▽

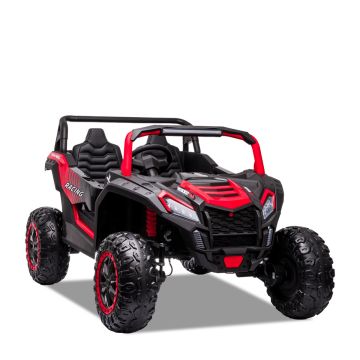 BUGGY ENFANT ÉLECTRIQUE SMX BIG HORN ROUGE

△
▽

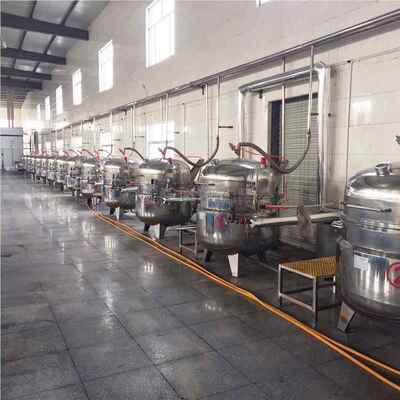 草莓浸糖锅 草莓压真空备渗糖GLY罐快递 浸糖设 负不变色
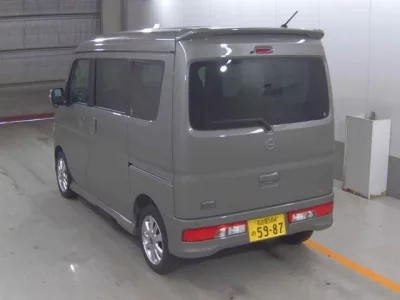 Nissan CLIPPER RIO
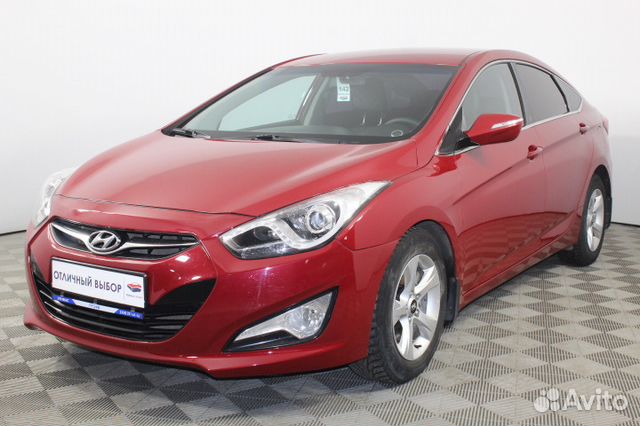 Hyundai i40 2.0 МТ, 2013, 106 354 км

△

EXERCISE INSTRUCTIONS.
Write back the stretch of lines above that begins with the line holding "草莓浸糖锅 草莓压真空备渗糖GLY罐快递 浸糖设 负不变色" and ends with the line holding "Hyundai i40 2.0 МТ, 2013, 106 354 км", both included, exactly as written. Pictures stay out.

SOLUTION TO THIS EXERCISE.
 草莓浸糖锅 草莓压真空备渗糖GLY罐快递 浸糖设 负不变色
 Nissan CLIPPER RIO
 Hyundai i40 2.0 МТ, 2013, 106 354 км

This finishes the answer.